猫だし動物だし人間より勘が働くのだろうな。と思うと背中がぞくりとしてきたので何も言わないでおいた。


「まぁなんだ。もう大丈夫だろう。もともと不安定な魔素で構成されていたからお前のような猫よりは現実感の強い人間が足を踏み入れたことにより魔法みたいなやつは繋がりを失ってバラバラになる。」


「えっそんなんでよかったの。」


急だったしあの後普通に仕事してたから忘れてたけど浄霊道具、塩とかでいいから持っていくべきだった。


「うん…まぁ明日の夜にならないと分からんけど…まぁいいだろ。」


「曖昧だなぁ。」


俺らは店に帰り親父たちが寝たのを確認してから売り物のスルメを適当に開けてくちゃくちゃやる。

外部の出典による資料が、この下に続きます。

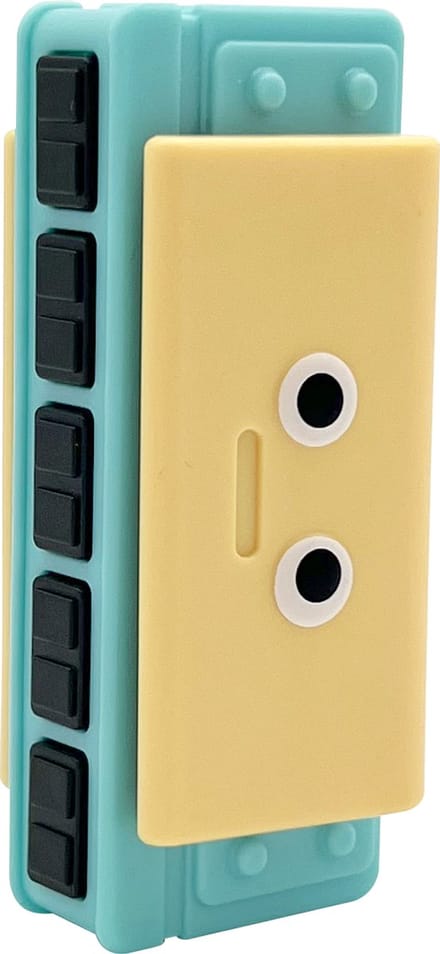 Fidget Go - Mondharmonica - Fidget - Anti-stress speelgoed
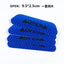 4PCS/Set Car Door Stickers Universal Safety Warning Mark OPEN High Reflective Tape For Auto Accessories Exterior Bike Helmet - Slobuy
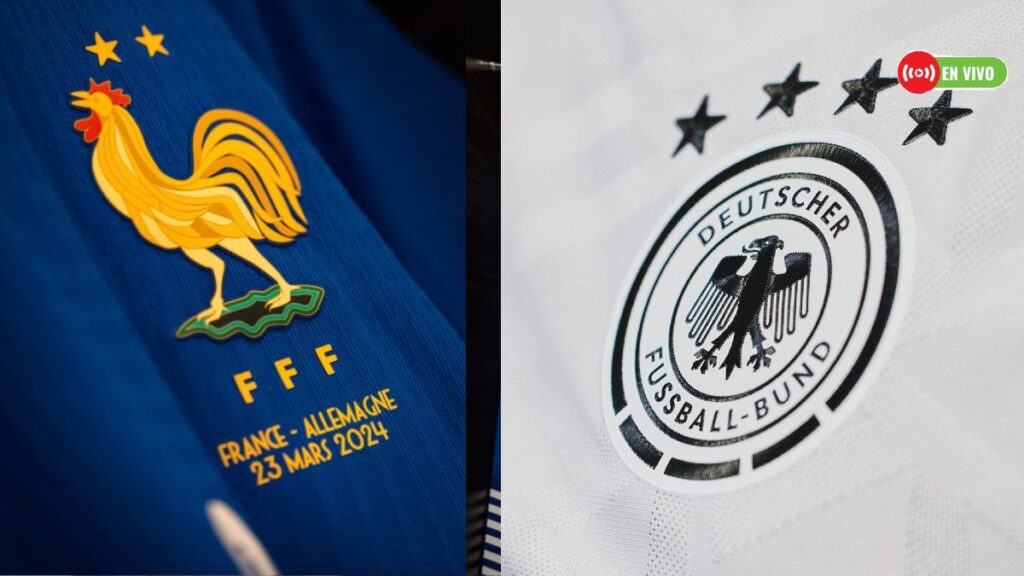 Francia y Alemania se enfrentan rumbo a la Eurocopa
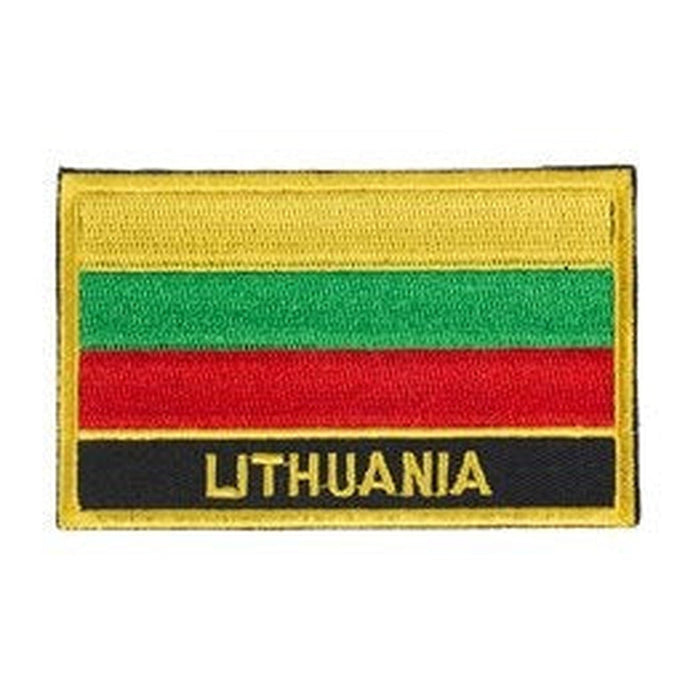 Distintivo bandiera Lituania
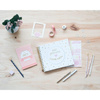 Kommunion Geschenkpaket rosa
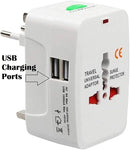 Universal Travel  Adapter Plug Socket Power Adapter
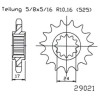 Pinion Fata 15 Dinti Pas 525 Honda CB 600 F Hornet (98-06) CBF 600 N/S (05-07) CBR 600 F (97-98) Motorevolution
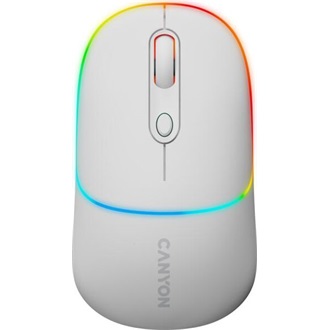 Canyon MW-22 optikai Bluetooth / vezeték nélküli egér fehér (Snow White)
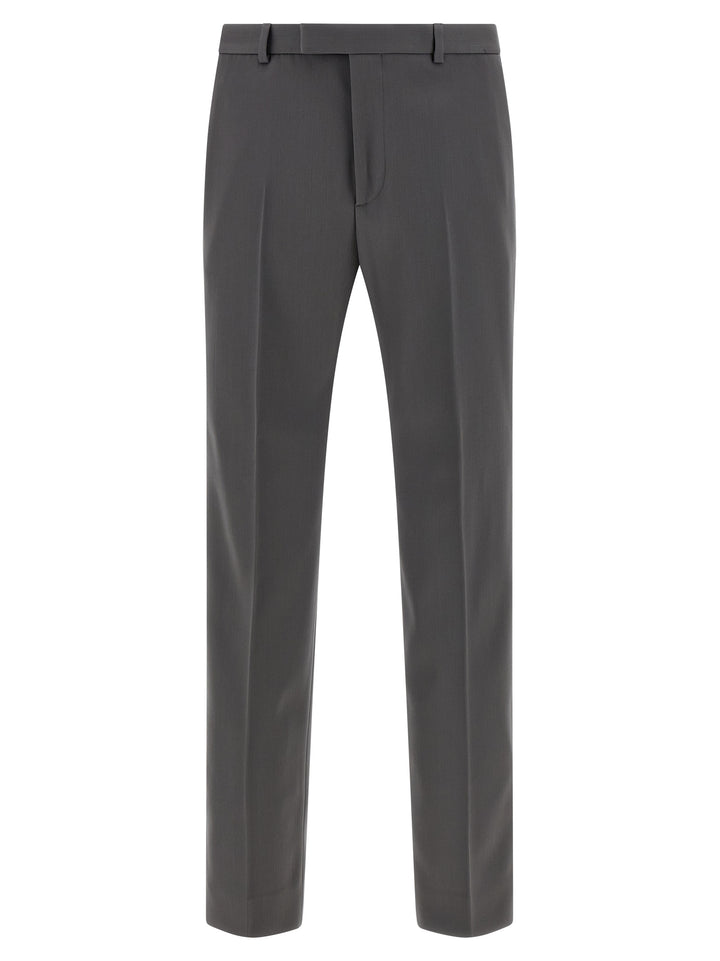 Gucci Gray Wool Dress Pants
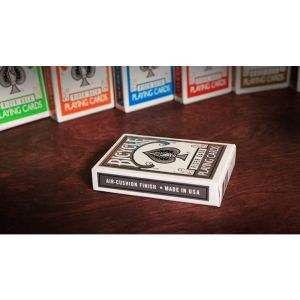Foto Bicycle Silver Playing Cards by US Playing Cards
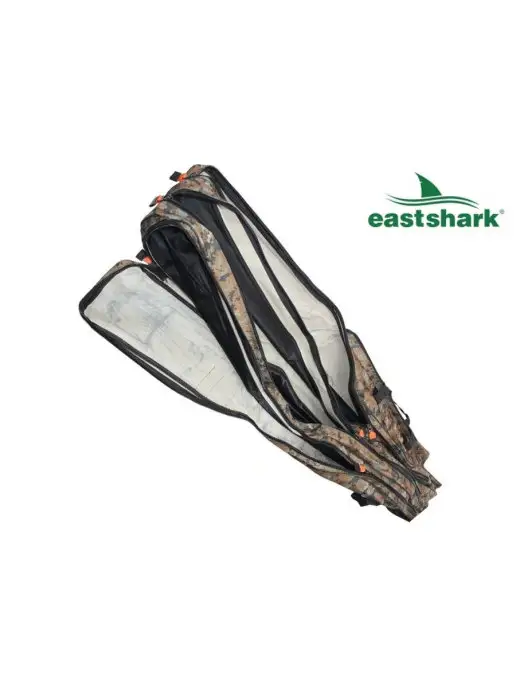 EASTSHARK Чехол для удилищ 3 секции Пиксель 1.5 м, 1,5 м, фото 5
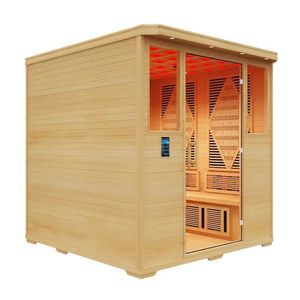 sauna cabina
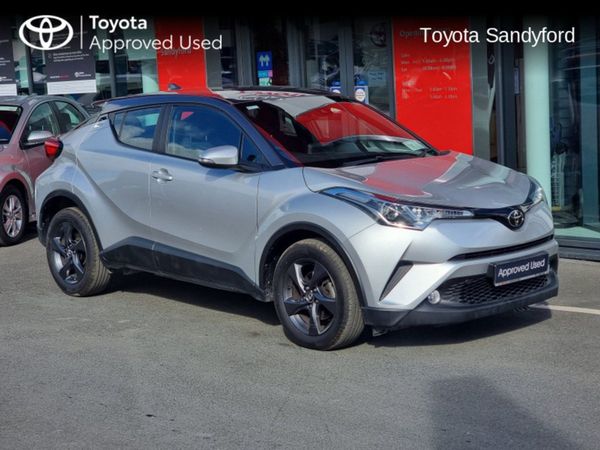 Toyota C-HR SUV, Petrol, 2019, Silver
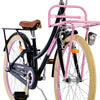 Vlatare eccellente bicicletta per bambini - ragazze - 24 pollici - nero - 3 marce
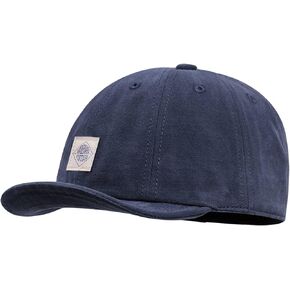 Croogo Short Brim Baseball Cap Low Profile Casual Flat Brimmed Lightweight Hats Cotton Outdoor Adjustable Caps Sun Hat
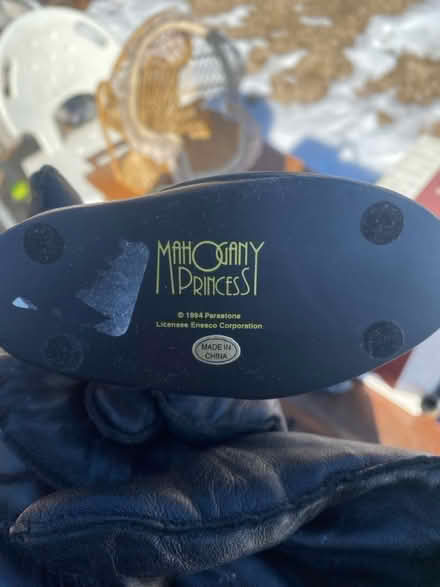 Photo of free 3 Mahogany Princess Figurines (Upper Ft Washington) #2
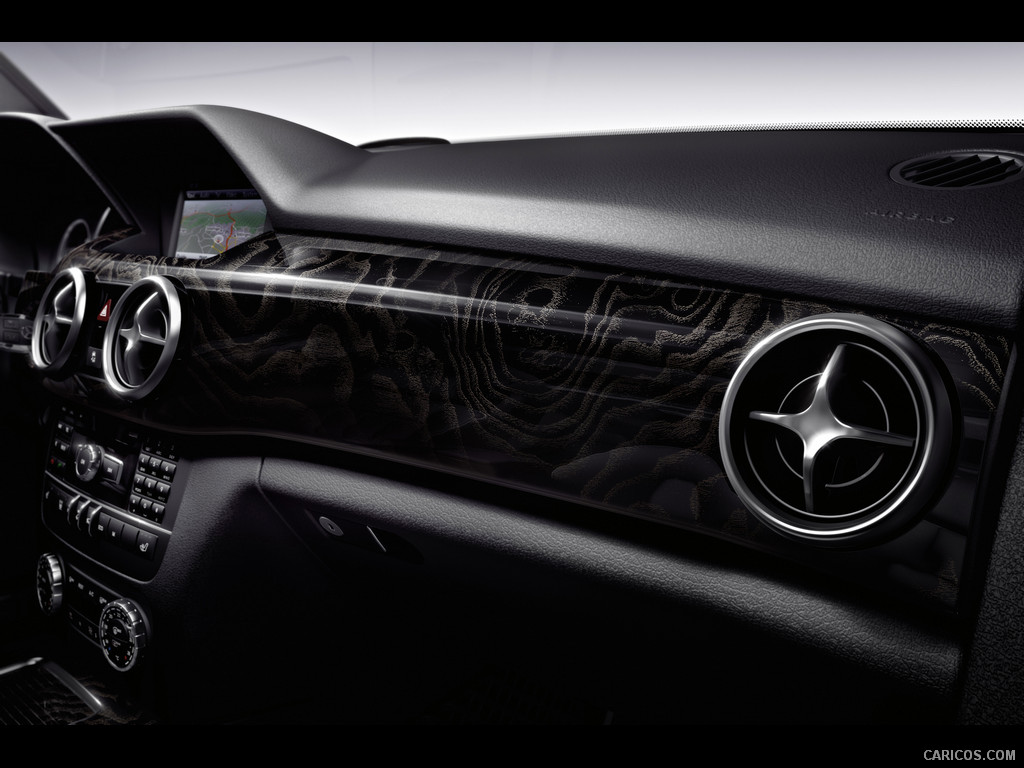 Mercedes-Benz GLK-Class (2013)  - Interior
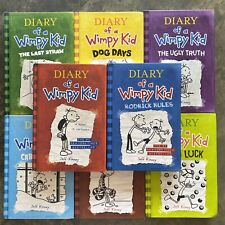 8 wimpy lot kid diary for sale  Stockbridge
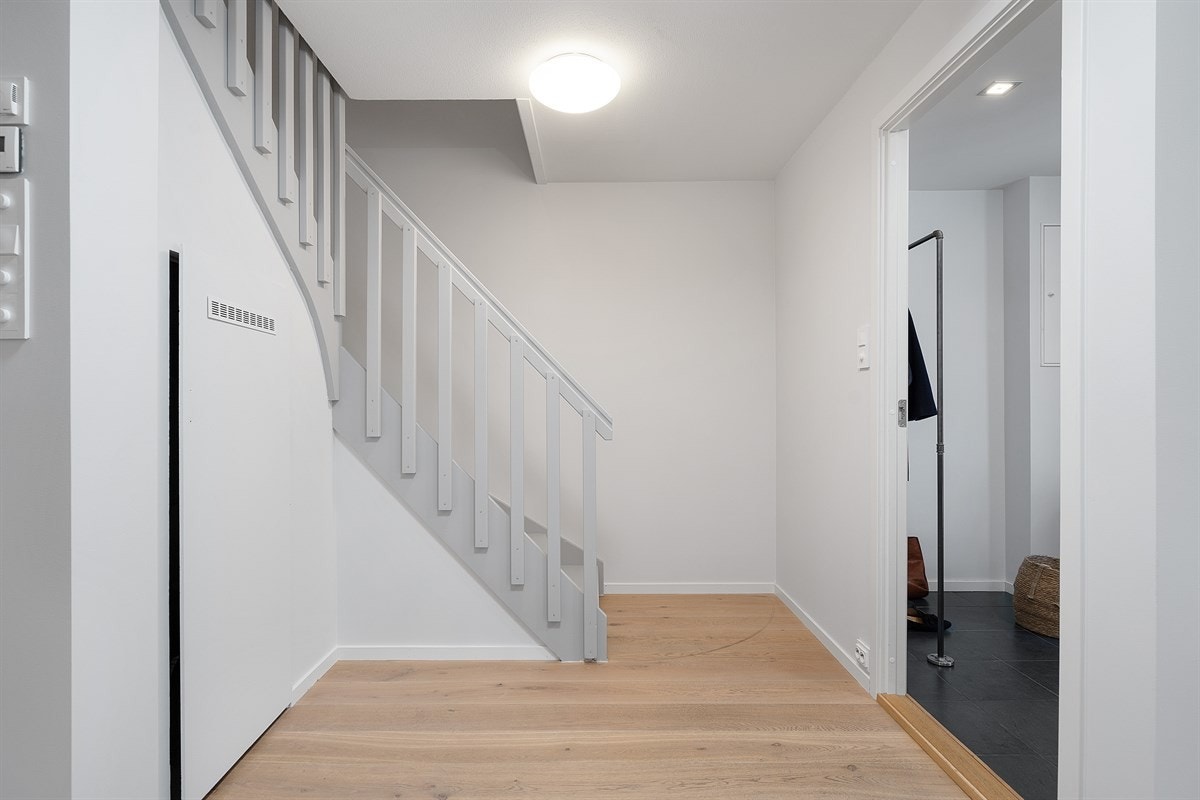 Pent trapperom. Galleribilde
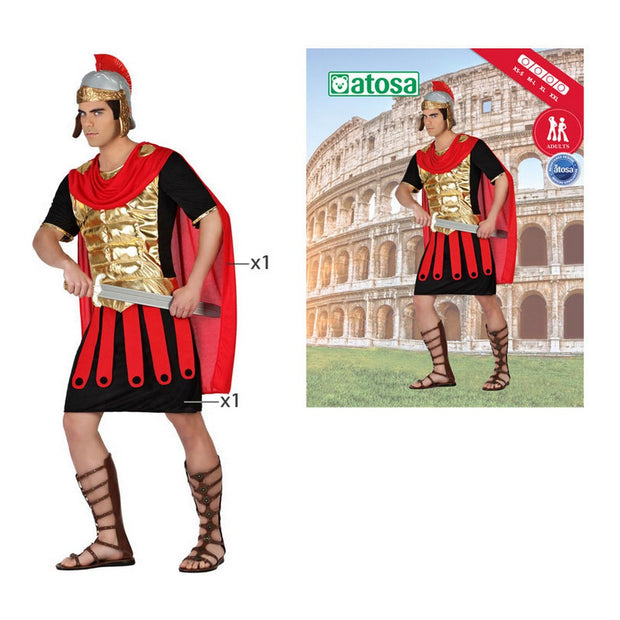 Costume for Adults DISFRAZ ROMANO XXL Male Gladiator XXL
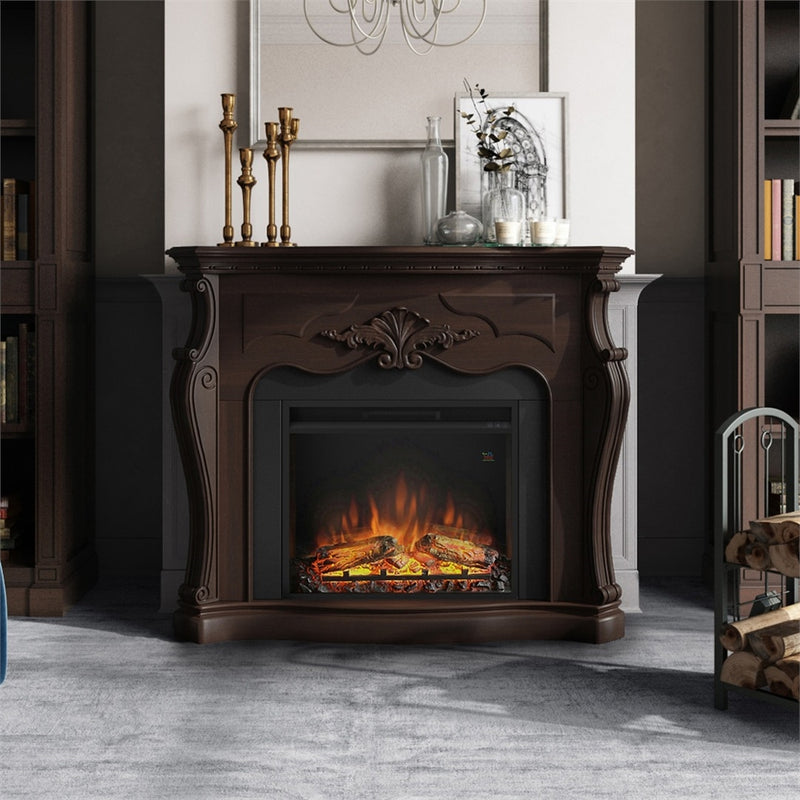 Gala Electric Fireplace - Mantel Only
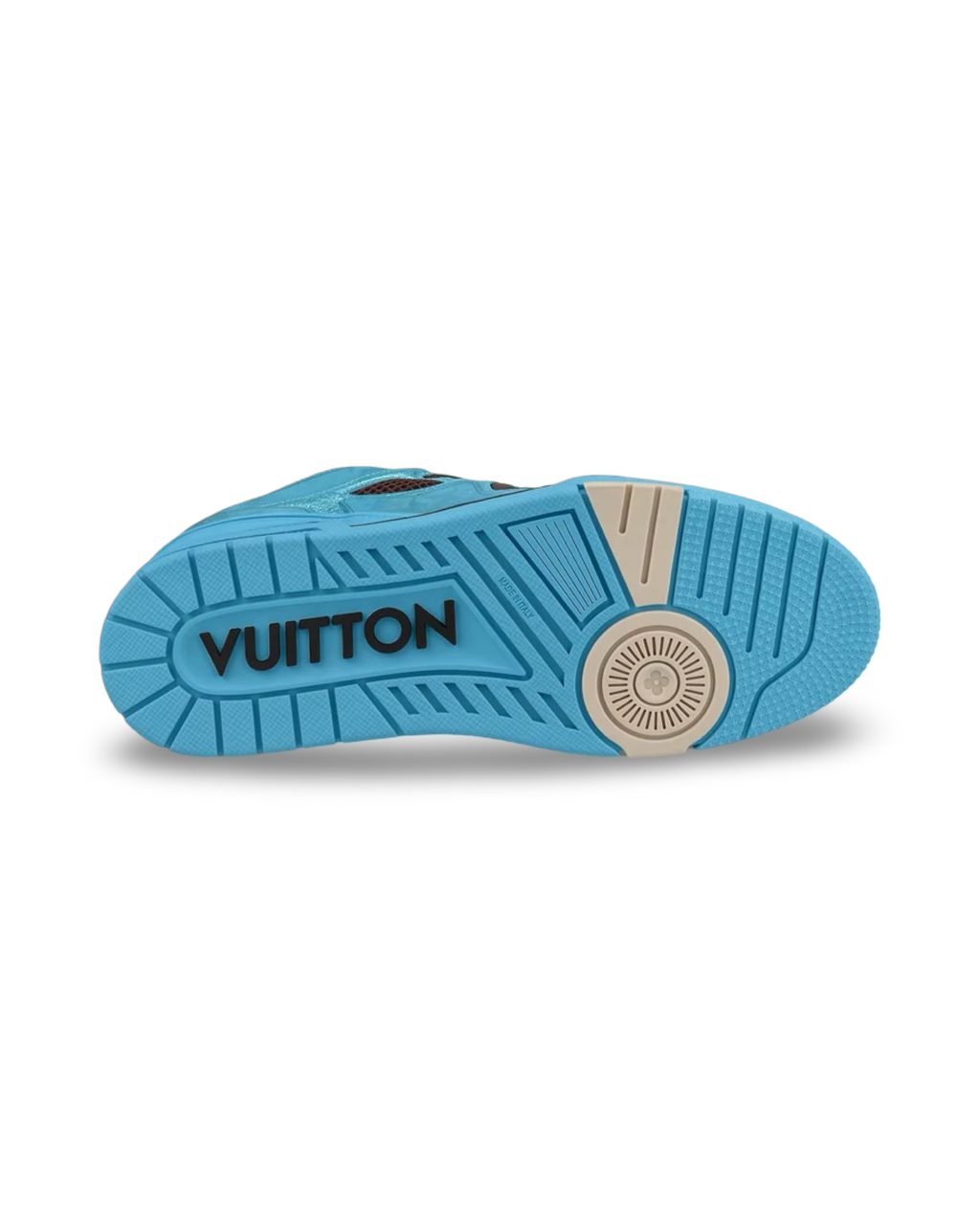 Louis Vuitton LV Skate Sneaker 'Blue Brown'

少しどうしようかとも思ったが一番気になっていたことを意を決して聞くことにした。


「そういえば1つ聞きたかったんだけどさ。」


「特別に聞くだけ聞いてやろう。」


「助けられたくせに偉そうだな。」


「人間は俺たちのような猫のために存在しているし。」


「えー。」


「猫は人間のためにも存在しているよ。」


「そうかも。」


「お前その理解してるんだかなんだかわからん感じ本当アレだぞ…?」


猫は少し姿勢を改めるというか手をピッタリと揃え頭を少し下げた。

俺は一旦食べるのをやめ、喉をゴクリと鳴らす。


「これはもしかして俺たちの領域ではない、というか聞いてはいけないことなのかもしれないから答えなくてもいい。」


猫とは目を合わせられない。目を合わしたくない。


「塔の幽霊いなかったよな?」


「いたよ。」


「えっ。お前びっくりしたタイミングなかっただろ。」


「別にびっくりしないよ。」


「どういうこと?」


「あー塔の幽霊って言い方が分からなかったのか。幽霊の塔だよ。」


「は?」


塔の幽霊、幽霊の塔。確かに意味は違うがそんなに印象は変わらない。

俺は額に指を当てて少し冷静に考えることにした。


「あっ。」


俺は一瞬自分の浮かんだ考えにびっくりして目を2度瞬きさせて猫に聞く。


「もしかして塔自体が幽霊?」


「あっそれそれ。」


あまりにもくだらなくて俺は床に五体を投げ出した。